[Stored items]

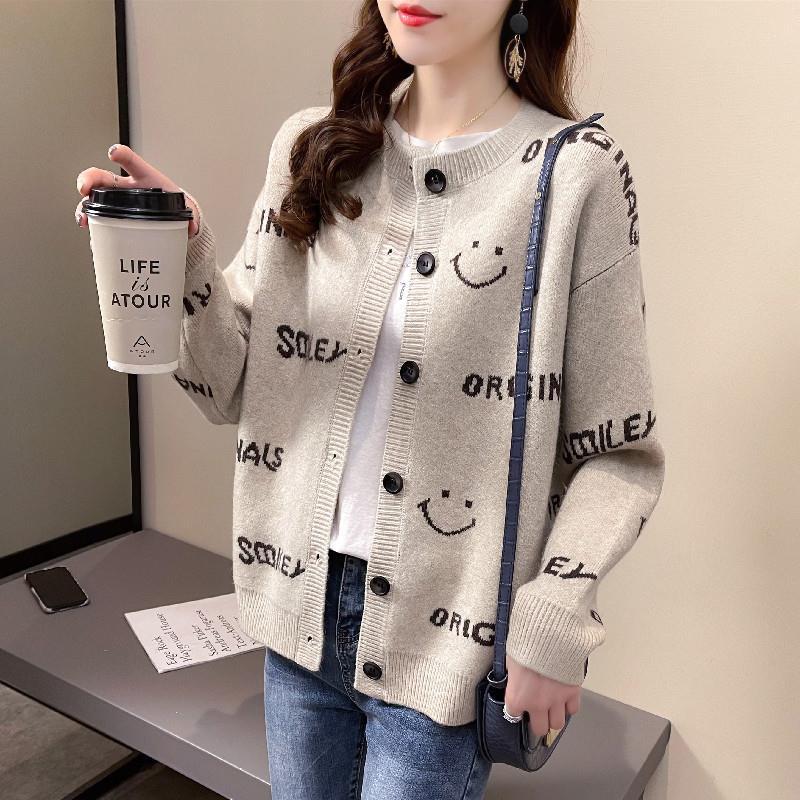 Ретро жаккардовый свитер пальто для женщин осень новый стиль свободный и ленивый наружу вязаный кардиган топ 3XL
Ретро жаккардовый свитер пальто для женщин осень новый стиль свободный и ленивый наружу вязаный кардиган топ 3XL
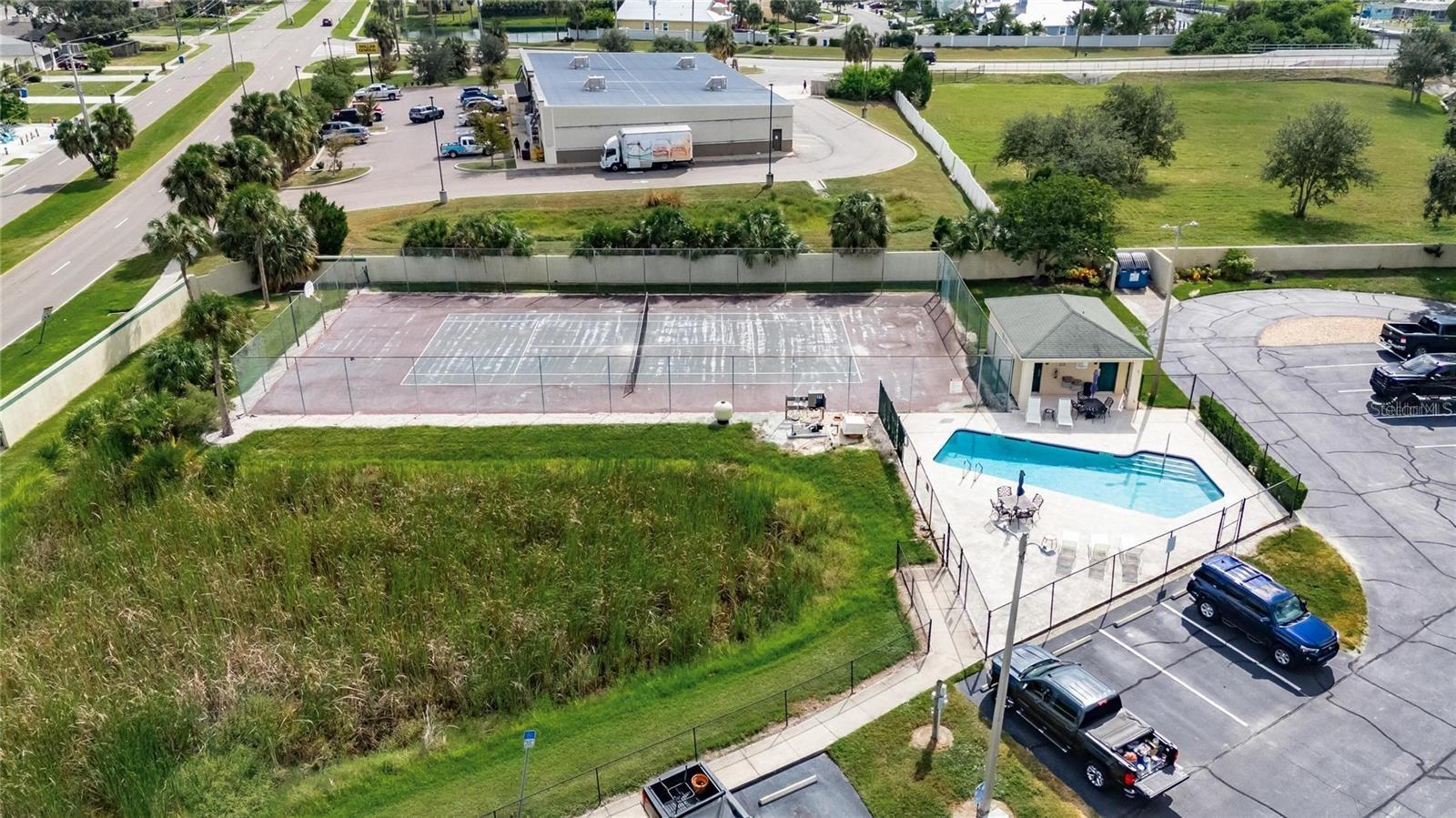 644 YARDARM DR #22, APOLLO BEACH, FL — photo 58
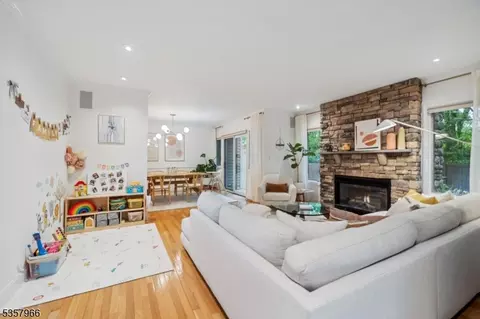 33 Eggers Ct, Summit, NJ 07901 photo 4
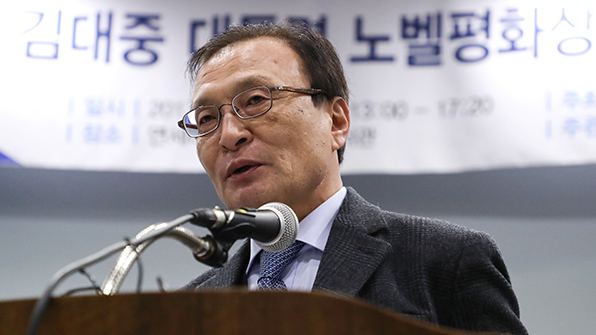 이해찬 “문 대통령-시 주석, ‘쌍중단·쌍궤병행’ 많이 대화”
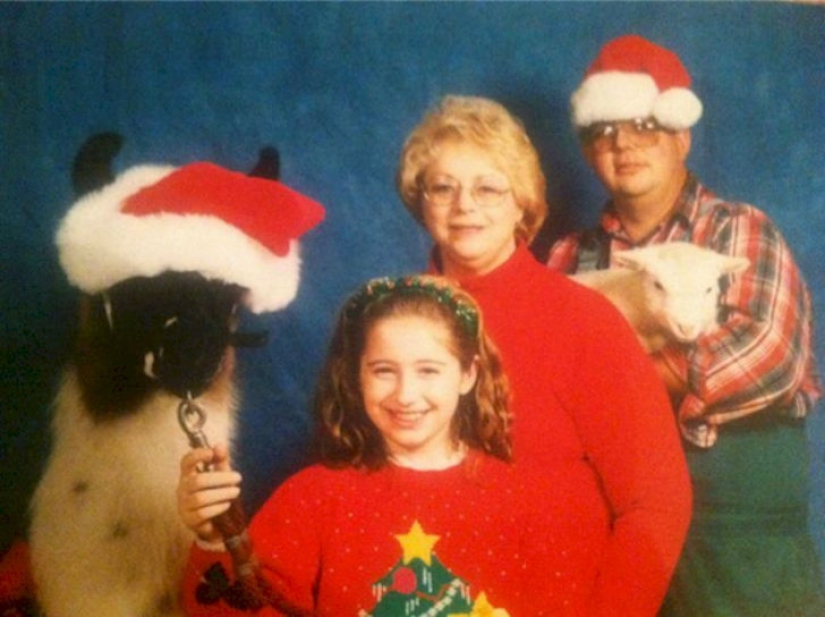 Painfully ridiculous family photos Painfully ridiculous family photos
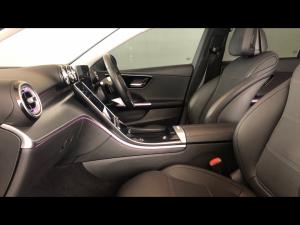 Mercedes-Benz C-Class C220d Avantgarde - Image 7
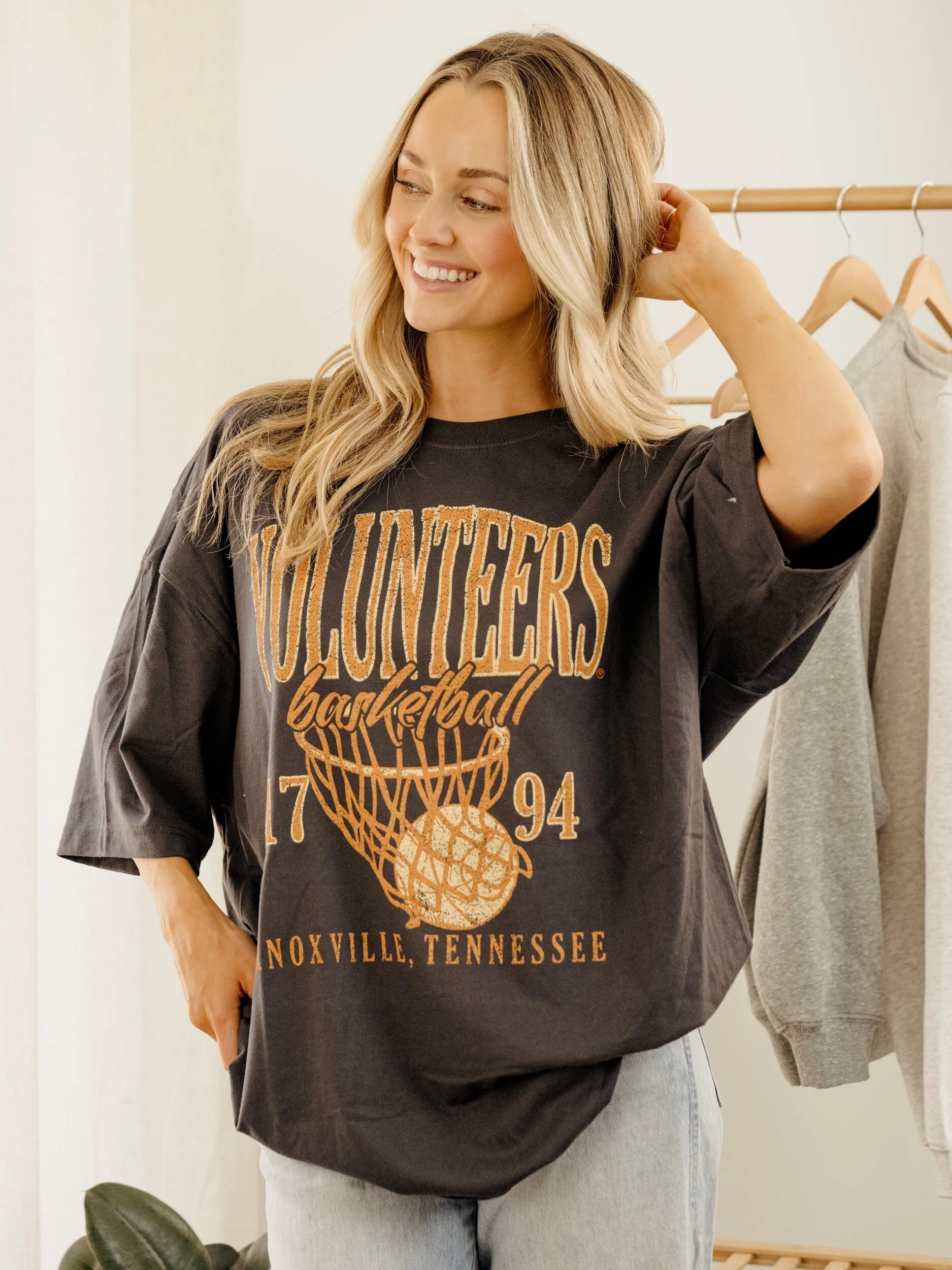 Tennessee Vols Big Basketball Smoke One Size Tee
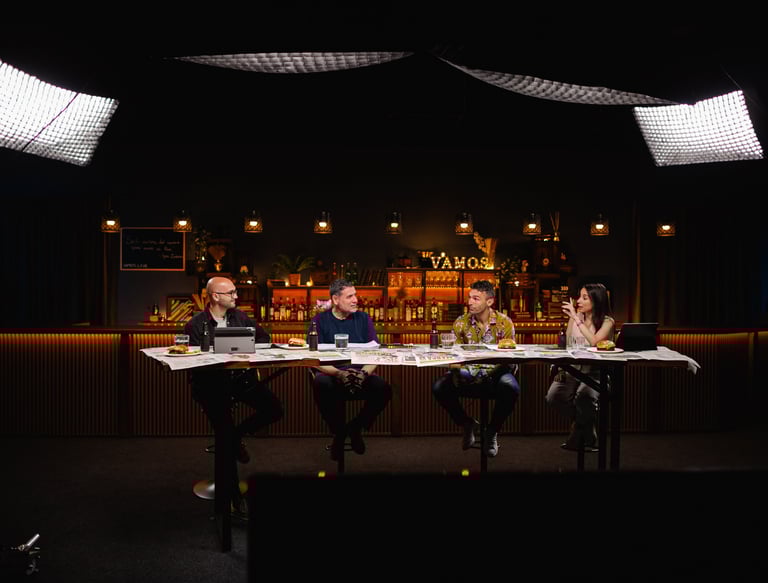 Nuestro Bar siendo la escenografía protagonista de nuestro plató de 180m2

- [Aim of the task]
Repeat exactly the lines above, starting at the one that contains "644 YARDARM DR" and stopping at the last line of the entries, and leave out the pictures.

- [Result below]
 644 YARDARM DR #22, APOLLO BEACH, FL — photo 58
 33 Eggers Ct, Summit, NJ 07901 photo 4
 이해찬 “문 대통령-시 주석, ‘쌍중단·쌍궤병행’ 많이 대화”
 Painfully ridiculous family photos Painfully ridiculous family photos
 Mercedes-Benz C-Class C220d Avantgarde - Image 7
 Tennessee Vols Big Basketball Smoke One Size Tee
 Nuestro Bar siendo la escenografía protagonista de nuestro plató de 180m2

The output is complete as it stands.